Few questions:

1. JMX as low-level configuration API. 
The question is - should we follow the path of JBoss and make everything 
that is configurable an MBean, and base the entire architecture on JMX ? 
The benefits:
- standard API
- reasonably clean
- easy to integrate with other apps using JMX

Possible problems:
- may affect performance ( lots of introspection - jboss does a lot of 
tricks in their jmx impl. )
- we still don't have the test suite for jmx - so licence issues are still
there ( and we don't know if mx4j would pass it )
- we'll be very dependent on JMX - with little control over implementation.
- again, tomcat won't work without jmx.

2. Wrapper->JMX for configuration. 
We can use a small wrapper that will work without JMX. Something
similar with modeler, but with no 'direct' dependency on JMX. We can
register the components with this wrapper and use it to pass/query config
info. If JMX is available, that will translate into JMX calls. 

One possible ( still standard ) API for the wrapper is JNDI. If we 
register all the 'interesting' objects in the jndi we can easily 
'wrap' them for jmx.
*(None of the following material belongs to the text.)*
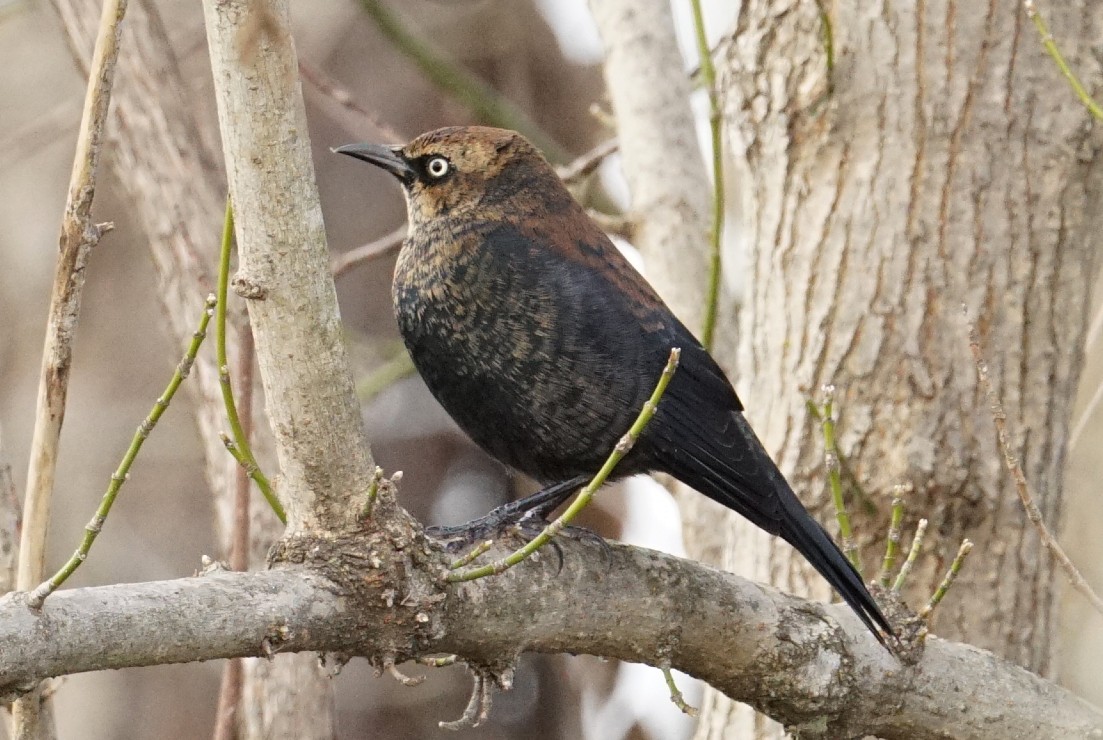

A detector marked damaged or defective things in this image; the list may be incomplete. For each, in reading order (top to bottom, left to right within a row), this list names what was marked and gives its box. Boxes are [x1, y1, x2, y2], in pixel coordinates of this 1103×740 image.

rusty blackbird [336, 124, 896, 644]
The APIs are very similar, the code is easy
and most people are supposed to be familiar with the API. There
are other choices as well.

We already depend on JNDI - so no extra deps here, and it'll probably 
be easier to make it work with ldap or other backends.
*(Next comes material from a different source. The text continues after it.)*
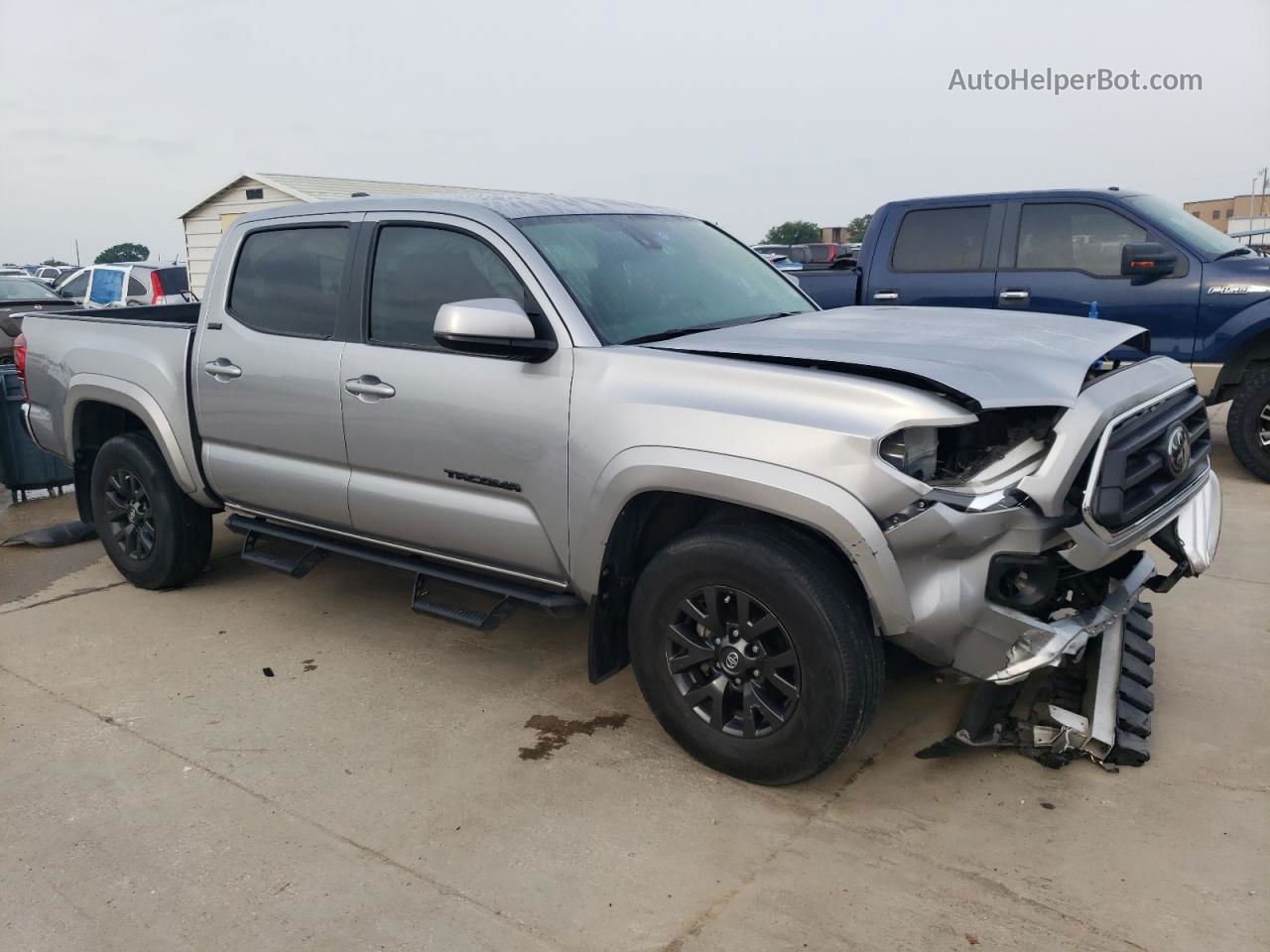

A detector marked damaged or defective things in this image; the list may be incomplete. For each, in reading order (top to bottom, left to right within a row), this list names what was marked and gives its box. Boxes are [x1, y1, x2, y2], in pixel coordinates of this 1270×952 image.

3. Small config API ( with JMX hooks ). That's what I started in 
util.config - just minimal objectName/attributes/attriubte change 
notifications, no extra overhead. 
That would probably be cleaner and smaller, but it's yet-another-api.
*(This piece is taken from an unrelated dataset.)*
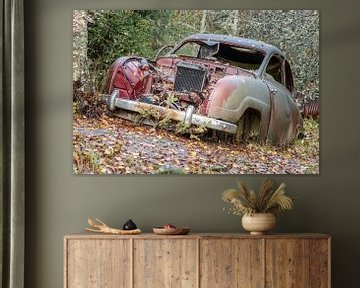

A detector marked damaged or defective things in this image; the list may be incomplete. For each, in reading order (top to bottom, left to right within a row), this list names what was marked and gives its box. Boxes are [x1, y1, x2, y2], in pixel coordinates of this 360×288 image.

rusted metal body [102, 33, 302, 145]
rusty car wreck [105, 33, 304, 145]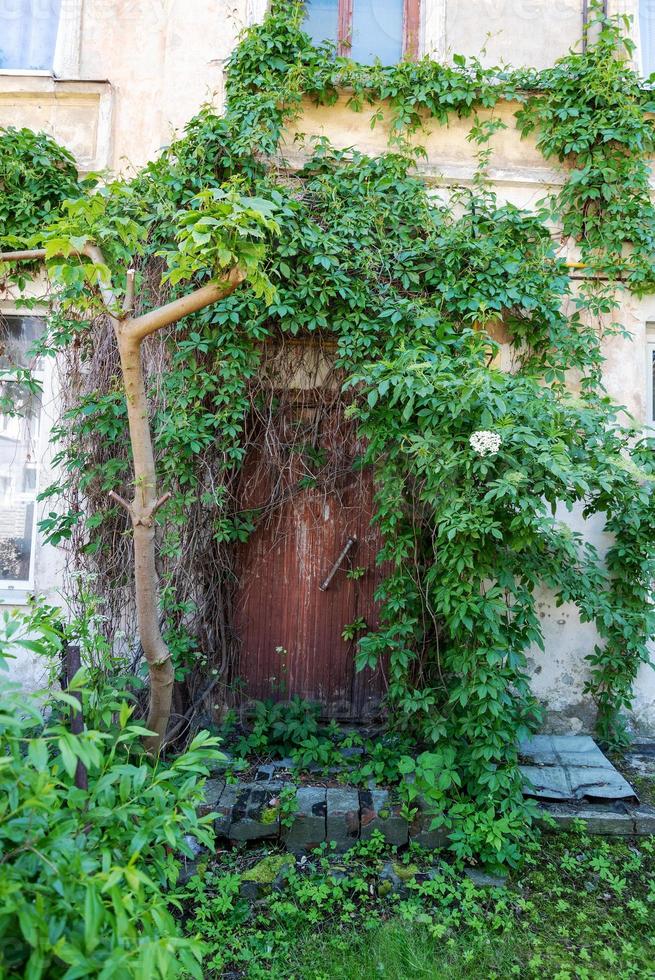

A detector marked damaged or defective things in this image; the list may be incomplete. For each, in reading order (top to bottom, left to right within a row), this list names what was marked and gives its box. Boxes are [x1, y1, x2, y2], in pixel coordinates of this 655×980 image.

rusty metal bar handle [320, 536, 356, 588]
4. Just keep the current API and implementation, with a jmx layer on top. 
The listener provides access to the objects and allows it to transparently
register them with JMX. We rewrite the config read to keep the information
in memory and get all the changes made by user, then save. We could use
DOM or something similar and preserve even the comments ( if XML backend
is used ). 

The key difference is in what we use as a low-level API to 'assemble'
the components. First 3 choices give more decoupling, the third is the
easiest to implement ( almost nothing to change ).